So if you want to do 16 and 32 bit arithmetic in the same procedure all the
instructions with operands of one of the sizes has to be prefixed?  Do any
of the existing compilers do this?

Are there instuctions for 16->32 and vice versa conversions along the
lines of CBW?

Assuming 32 bit wide memory is there any unusual speed penalties for
particular instuctions with 16/32 bit operands, e.g. are shifts faster
with one particualr size?

mash@mips.UUCP (John Mashey) (07/05/87)

In article <1090@killer.UUCP> jfh@killer.UUCP (John Haugh) writes:
....on 386s getting into SUn-3 territory...
>I really don't know about the claim that the 386 is now in Sun territory.
>I just benchmarked a Plexus P/95 (Yes, I know the list price is up arround
>$100K) and it came out somewheres near 5200 Dhrystones at 20Mhz.  The
>25Mhz box we bought should be over 6000....

>And just for kicks, I bounced this into comp.arch where it might be
>interesting for all of those RISC'y people to see ...

Hmmm.  You might want to read Rick's current Dhrystone lists.

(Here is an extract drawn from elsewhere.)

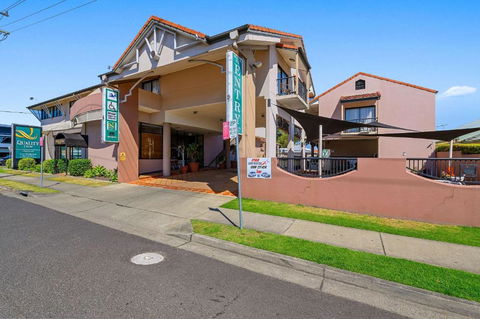 Quality Inn Grafton - Holiday Adelaide 3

I realize my login machine does only a "wimpy" 10-12K Dhrystones,
but I've got terminal sessions going on this instant on RISC micros
that do 18-22K Dhrystones, and they are NOT wimpy [about 5 minutes CPU
time and <13 minutes real time for full 4.3+NFS kernel build from scratch.
This is slower than the Amdahl "3 minutes".]
SunRise / SPARC /Sun-4 should be announced this week,
and they ought to be over 20K Dhrystones, too.

Rick's end-of-July issue should be interesting: at least 2 different
RISC microprocessors will be on the list FASTER than IBM 3081s,
CRAY X-MPs [to be fair, not built for Dhrystone:-)].  They will be
slower than IBM 3090s and Amdahl 5860s...this year...
-- 
-john mashey	DISCLAIMER: <generic disclaimer, I speak for me only, etc>
UUCP: 	{decvax,ucbvax,ihnp4}!decwrl!mips!mash  OR  mash@mips.com
DDD:  	408-991-0253 or 408-720-1700, x253
USPS: 	MIPS Computer Systems, 930 E. Arques, Sunnyvale, CA 94086

kds@mipos3.UUCP (07/08/87)

In article <130@bby-bc.UUCP> john@bby-bc.UUCP (john) writes:
>So if you want to do 16 and 32 bit arithmetic in the same procedure all the
>instructions with operands of one of the sizes has to be prefixed?

yes...

>
>Are there instuctions for 16->32 and vice versa conversions along the
>lines of CBW?

yes, both sign extend and zero extend are provided

>Assuming 32 bit wide memory is there any unusual speed penalties for
>particular instuctions with 16/32 bit operands, e.g. are shifts faster
>with one particualr size?

nope, the rate of instruction execution shouldn't change.  Of course, it takes
a clock to crack a prefix, so if you have lots of them, performance could
suffer.  My guess as to why 32-bit code seems to run so much faster than 16-bit
code on the 386 has to do with the differences in the programming model between
16-bit and 32-bit code: 32-bit code is always "small" mode (i.e., no segment
register reloads), can do 32-bit arithmetic operations in a single instruction,
and register usage is more general in 32-bit code.
-- 
The above views are personal.

...and they whisper and they chatter, but it really doesn't matter.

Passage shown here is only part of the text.